What to produce: Beginning at the line that holds "Picture of CYCLOGEST 400 MG 15 SUPP", restate each line exactly through the final line of the records. Include both of those lines.

[Stored dataset items]
-=-=-

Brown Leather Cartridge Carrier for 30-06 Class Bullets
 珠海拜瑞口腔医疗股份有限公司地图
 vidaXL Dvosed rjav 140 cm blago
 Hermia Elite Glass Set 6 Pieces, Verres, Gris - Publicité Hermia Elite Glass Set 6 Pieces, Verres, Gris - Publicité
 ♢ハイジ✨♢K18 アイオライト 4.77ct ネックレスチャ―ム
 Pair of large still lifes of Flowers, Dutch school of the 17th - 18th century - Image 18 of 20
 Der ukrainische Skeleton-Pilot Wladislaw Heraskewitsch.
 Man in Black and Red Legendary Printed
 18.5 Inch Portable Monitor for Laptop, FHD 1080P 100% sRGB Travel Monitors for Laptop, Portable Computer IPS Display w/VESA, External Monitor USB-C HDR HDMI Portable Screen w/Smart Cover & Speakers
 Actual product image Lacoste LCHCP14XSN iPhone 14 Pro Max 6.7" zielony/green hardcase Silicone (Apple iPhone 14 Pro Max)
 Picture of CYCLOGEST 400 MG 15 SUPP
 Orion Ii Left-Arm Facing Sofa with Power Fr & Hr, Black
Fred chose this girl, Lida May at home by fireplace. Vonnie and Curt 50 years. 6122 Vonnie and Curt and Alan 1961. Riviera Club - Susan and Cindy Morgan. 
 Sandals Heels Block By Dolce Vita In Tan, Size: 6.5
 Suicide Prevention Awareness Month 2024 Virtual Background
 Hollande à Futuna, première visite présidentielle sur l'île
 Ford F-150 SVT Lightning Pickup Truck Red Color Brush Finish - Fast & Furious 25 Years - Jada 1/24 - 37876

-=-=-

Exercise answer:
 Picture of CYCLOGEST 400 MG 15 SUPP
 Orion Ii Left-Arm Facing Sofa with Power Fr & Hr, Black
Fred chose this girl, Lida May at home by fireplace. Vonnie and Curt 50 years. 6122 Vonnie and Curt and Alan 1961. Riviera Club - Susan and Cindy Morgan. 
 Sandals Heels Block By Dolce Vita In Tan, Size: 6.5
 Suicide Prevention Awareness Month 2024 Virtual Background
 Hollande à Futuna, première visite présidentielle sur l'île
 Ford F-150 SVT Lightning Pickup Truck Red Color Brush Finish - Fast & Furious 25 Years - Jada 1/24 - 37876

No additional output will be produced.